In November Eric married Sheila Devincenzi and went to live in 42 Crutchett's Ramp. Other newly married people in Gibraltar tended to be less lucky in so far as accommodation was concerned. It was a time when housing in Gibraltar was still in such short supply that hundreds of families still lived in Nissen huts, two families to a hut. Newly weds were often forced to live with their in-laws.

The day of the wedding. My grandmother weeps with emotion as Eric consoles her while having a quick fag. Shiela née Devincenzi smiles and makes sure her wedding ring is clearly visible.

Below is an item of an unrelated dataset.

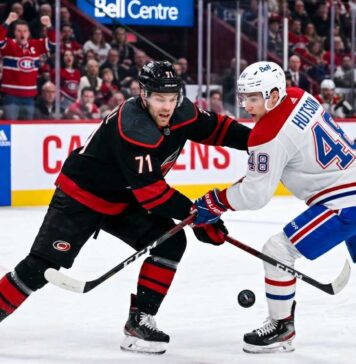 NHL hockey game faceoff at Bell Centre: Carolina Hurricanes forward Taylor Hall #71 and Montreal Canadiens defenseman Lane Hutson #48 prepare for puck drop during the NHL playoffs.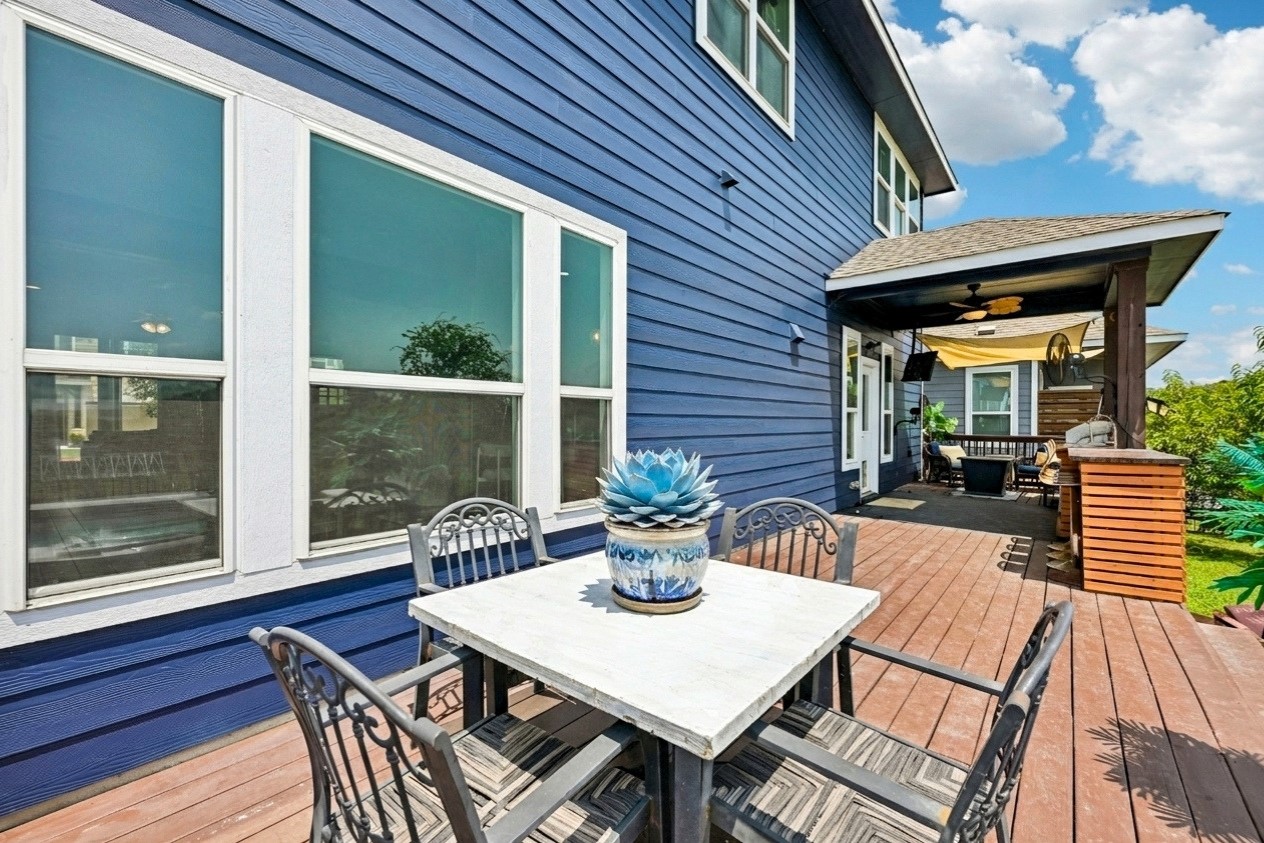 1297 Harwell Loop Kyle, TX 78640 - Photo 33 of 39 A spacious wooden deck extends from the vibrant blue home, offering a perfect spot for outdoor dining.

That Christmas found Eric in a relatively subdued mood. As a newly married man, staggering around town playing the zambomba was probably beginning to lose its charm. In any case there were plenty of dinner parties, dances and verbenas going on all over Gibraltar in which one could get drunk without exerting oneself too much. For the good of the family name, I took over the role. I had now just turned eighteen and was more than pleased to discover the joys of those raucous night outs that my elder brother had enjoyed during the previous decade.

There was one particularly inane activity which I frequently took part in that was quite popular during the festive season. It parodied a game normally played by little girls and involved two groups of individuals who would face each other by lining themselves up right across the street. At a given signal one group would 'dance' towards and away from the other singing the following words:
'Yo tenia un castillo, matararirarilailiero,
Yo tenia un castillo, matararirarilailo. PIM POM.'
Then the other group would make up some witty reply and dance towards the first lot. In no time at all the wit would degenerate into an orgy of insults and obscenities.
'Porque son hijos de puta, matararirarilailiero.